The data cache intercepted all (52) of the reads that it tried, which shows that the data was always written before being read. The "data" is actually the contents of registers saved onto the stack before subroutine calls. Yes, writing does occur before reading there. The count shows that 7 different stack locations were used overall (19 writes, of which 12 evicted data already present in the cache).

That's enough data to predict the theoretical perfect performance from a pyschic pipeline. It's in the last column:

For the top row (final column), We've counted just 220ns for 220 instructions, at 1ns apiece.

For the middle row (final column), We've counted the 220ns for the 220 instructions, plus an extra 1.5ns for each of the 50 reads from main memory of the program instructions that must necessarily take place, and an extra 1.5ns for each of the 19 data writes to main memory that did take place.

For the bottom row (final column), We've counted the 220ns for the 220 instructions, plus an extra 1.5ns for each of the 220 reads from main memory of program instructions that must take place, and an extra 1.5ns for each of the 19 data writes to main memory that did take place.

You could fill in the blanks in the table by retro-fitting the more sophisticated memory-with-cache class code into the non-pipelined simulator code. It should drop right in.

Exercises with the optimized pipelined caching model

Improve the cache in the cached and optimized pipelined emulator CPU4 java class source code. It's only direct mapped write-through by default. See how good you can get the cache figures with respect to the "perfect psychic cache" noted above.

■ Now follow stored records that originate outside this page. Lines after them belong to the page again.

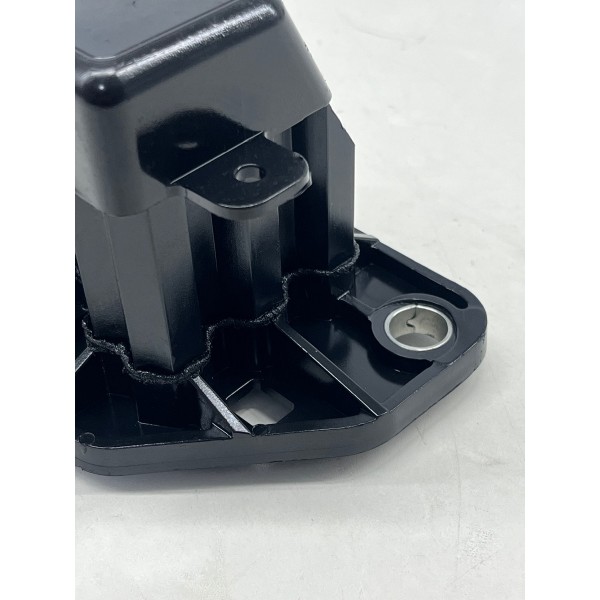 Absorvedor Impacto Lado Esquerdo Ram Rampage 2024 A 2025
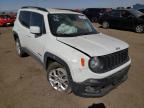 JEEP - RENEGADE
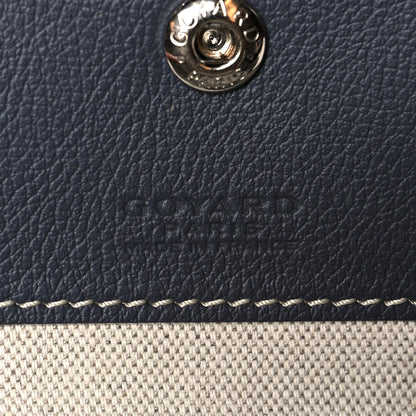 Goyard Goyardine Saint Louis PM Grey 8 of 11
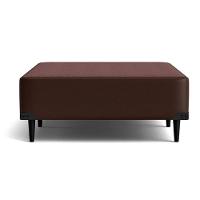 Base Sommier Marrom Solteiro 88x188x23cm - 1051611877 - Ortobom Base Sommier Marrom Solteiro 88x188x23 - 3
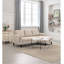 Canapé modulaire, canapé-lit modulaire réversible, canapé modulaire avec méridienne de rangement-1102875516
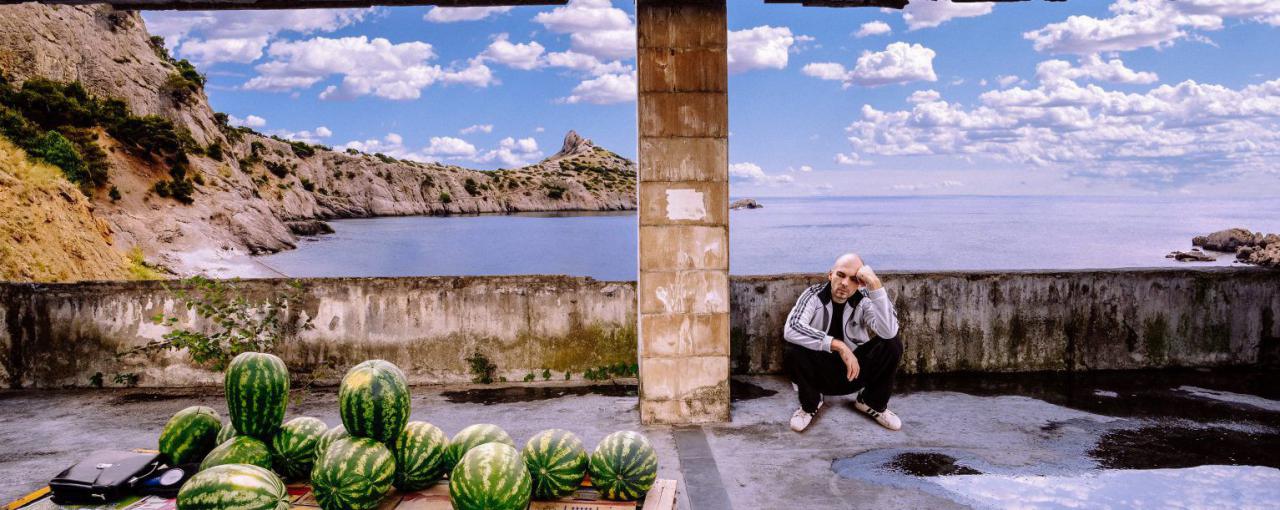 План по искусству: новые выставки в Киеве, которые вам нужны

[edit] Doubling cache line length

You may easily improve the CPU performance figures by making the cache lines longer, so that more data is read-ahead at a time into the cache, saving time overall. But don't go overboard. It's not certain that even 64-bit wide data paths from cache to main memory would be approved by the project accountant! And it's unlikely that you'll get anywhere as much improvment in doubling from 64 to 128 bits as you do in doubling from 32 to 64 bits.

Here are hints on how to extend the cache lines in the CPU4 model code from 4 bytes to 8 bytes length. That should make cache hits rather more frequent. Indeed, indications from a few test runs are that it's something like a 10% win from this rather easy coding change in the model. However little more one would win with 16 byte long cache lines, it would require substantially more coding work and is not worth even thinking about until you have tackled this task first.

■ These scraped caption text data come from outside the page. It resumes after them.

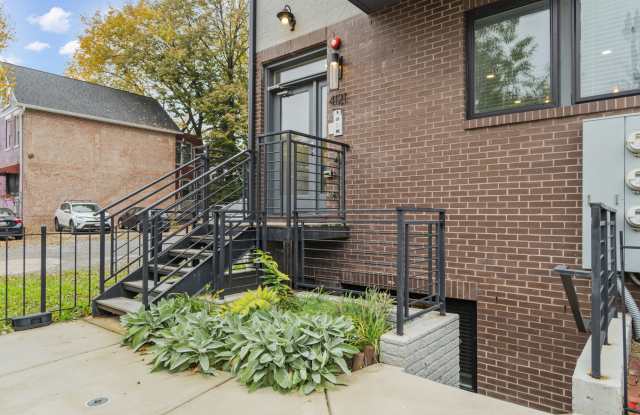 4121 9th Street Northwest - 4121 9th Street Northwest, Washington, DC 20011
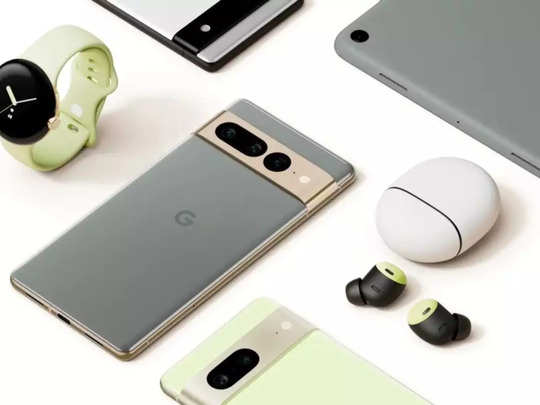 Google Pixel 7 Discount Offer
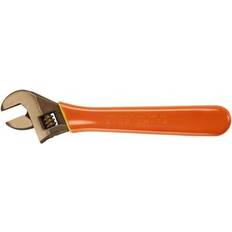 Painted #IW-71 Adjustable Wrench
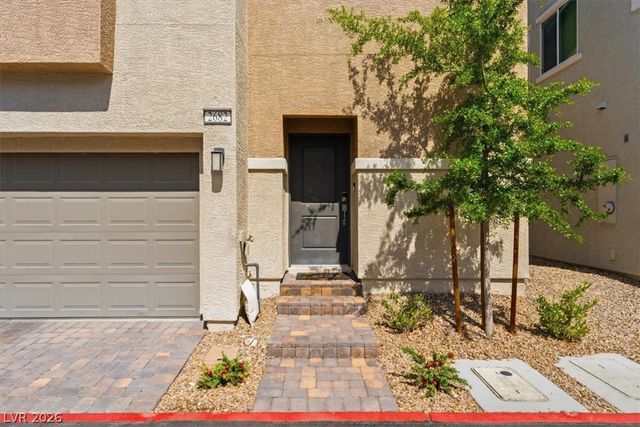 2682 Mango Light Avenue, North Las Vegas, NV 89086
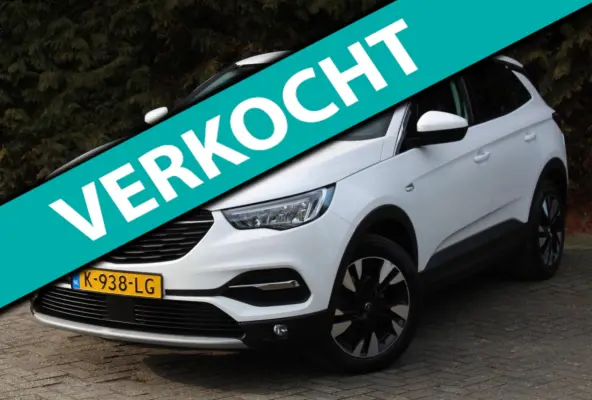 1.2 Turbo Elegance 130PK Automaat | Parkeercamera | Apple/Android Carplay | Trekhaak | Climate Control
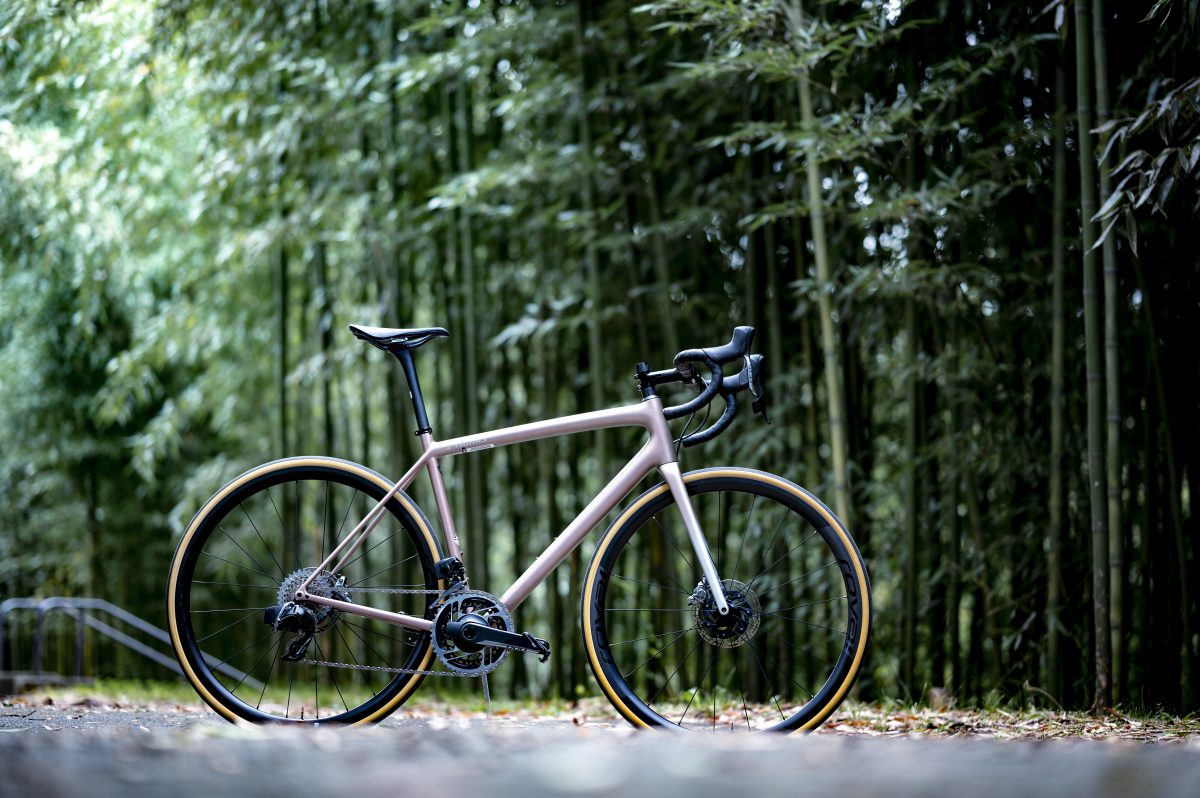 SPECIALIZED AETHOS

The changes you make should be centered on the Cache.java file, which contains the cache methods read32be and write32be (plus its simpler-minded cousin, update32be), in about 20 lines of code.

You will modify them to read64be and write64be methods, allowing 64-bit data to be read and written from/to cache.

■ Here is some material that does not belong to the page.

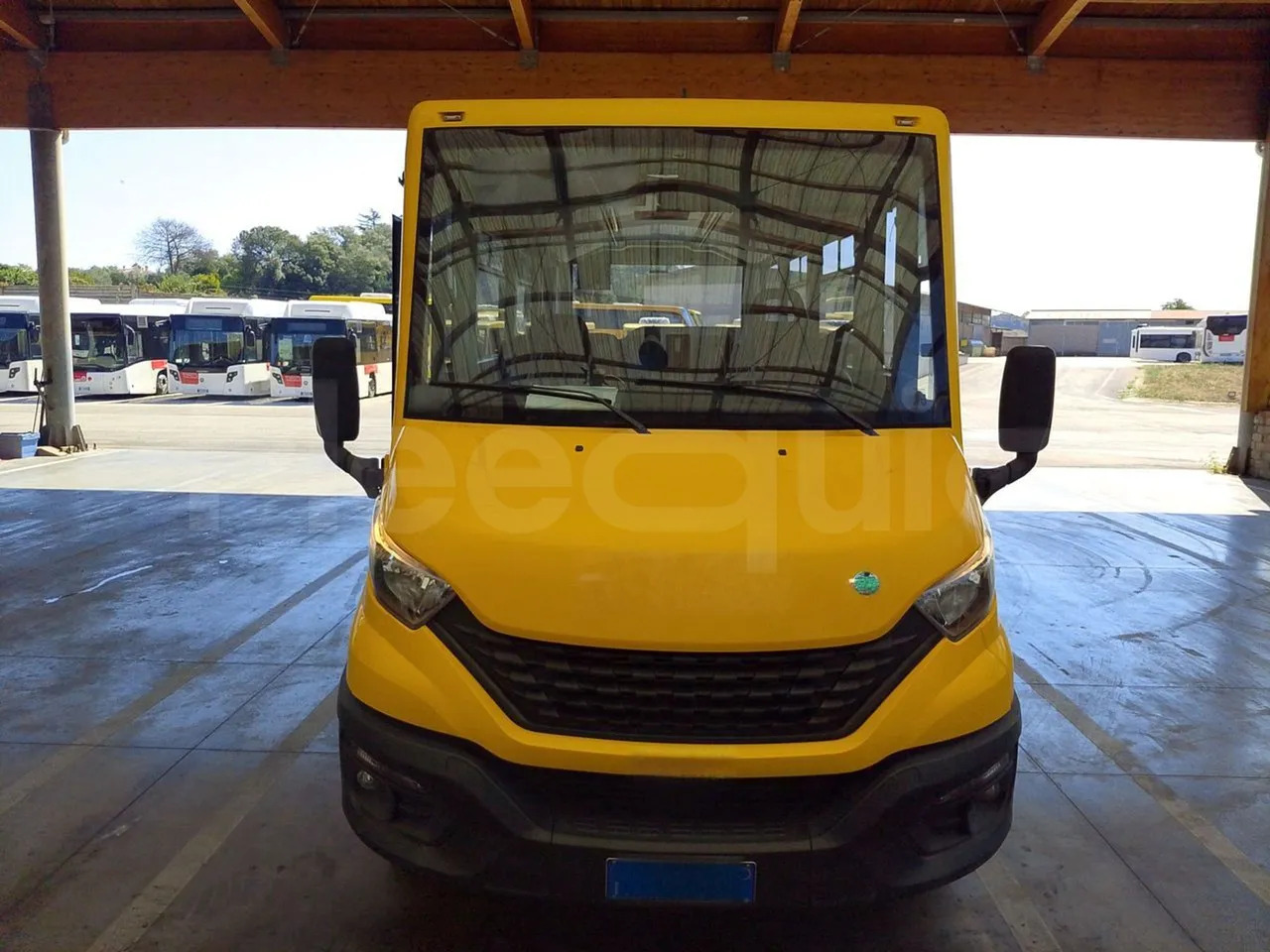 Iveco Indcar - Koulubussi: kuva Iveco Indcar - Koulubussi Iveco Indcar - Koulubussi: kuva Iveco Indcar - Koulubussi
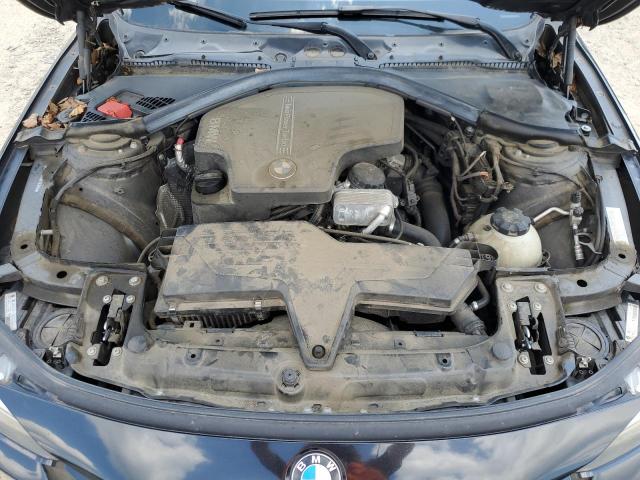 Photo 7 from auction – 2013 BMW 328 I with VIN WBA3A5C59DF353335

Start by changing the linelen=4 initialization to linelen=8, doubling the length of the cache lines in the cache and halving their number.

Change the type of the read method to allow it to return a long, instead of an int. Change the declaration of the variable val that is returned from int to long, and change the way it is read from a cache line to use the utility function grab64be (write it!) instead of grab32be. Cache lines are now 64 bits long, not 32, so the change is forced. That's it for read.

Similarly, change the type of the write method to allow it to accept a long, instead of an int. Change the call to put32be that puts its argument into a tag line to use put64be (write it!) instead. Cache lines are now 64 bits long, not 32, so the change is forced. Make the same changes in the update method, which is the same as write bar the extra cache statistical accounting lines that write has and update has not. That's it - you've got a couple of 64-bit cache methods. You have now notionally widened the bus between cache and memory to 64 bits.

But now you're temporarily stuck, because the two calls in Memory.java are to the old cache read32be and write32be/update32be methods, which you just modified and renamed to read64be and write64be. The old 32-bit cache interface no longer exists. The bus between memory and cache is now wider than 32 bits - it's now 64 bits wide. You need to fix something here.

Before thinking about it, make yourself a couple of new methods in Memory.java, called read64be and write64be. Make them by modifying the existing memory read32be and write32be methods, and change the type returned by read and the type accepted by write to long, from int. Then there'll be room to pass 64-bit data through them. Mark them as private, as there'll be no external use of these methods. Once they're made, we'll see a use for these named lumps of code - they're nothing more significant than that - as the memory's end of the memory-to-cache newly 64-bit wide bus.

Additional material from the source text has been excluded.